# Work instruction
Using the records below, quote only the span that opens with the line containing "Rustic be my" and closes with the line containing "1833 N-6, Matron", exactly and inclusively.

# Records for processing

+ + +

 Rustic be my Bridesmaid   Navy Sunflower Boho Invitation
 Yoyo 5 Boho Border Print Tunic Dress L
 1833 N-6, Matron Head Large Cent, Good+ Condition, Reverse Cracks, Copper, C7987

+ + +

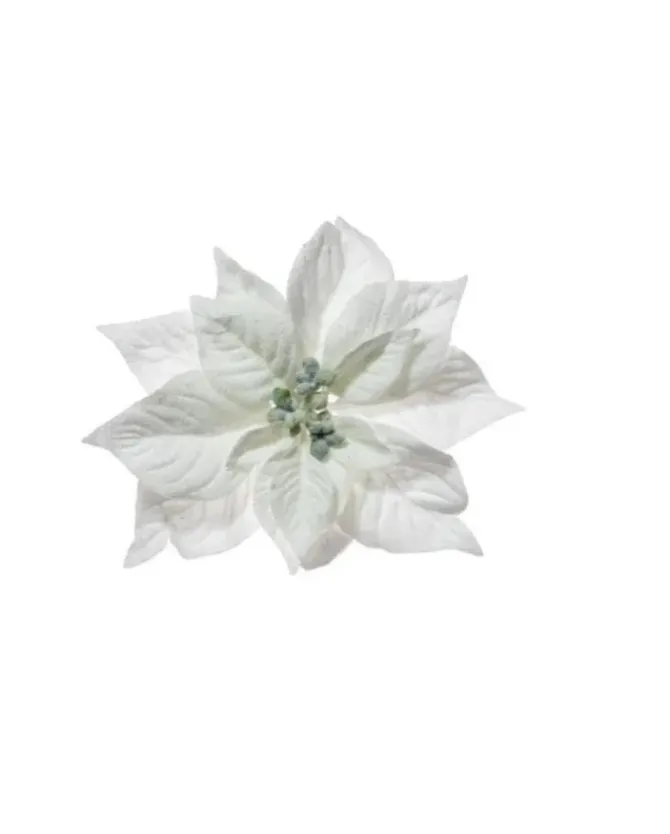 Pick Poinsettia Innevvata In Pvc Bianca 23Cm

+ + +

# Result of this task
 Rustic be my Bridesmaid   Navy Sunflower Boho Invitation
 Yoyo 5 Boho Border Print Tunic Dress L
 1833 N-6, Matron Head Large Cent, Good+ Condition, Reverse Cracks, Copper, C7987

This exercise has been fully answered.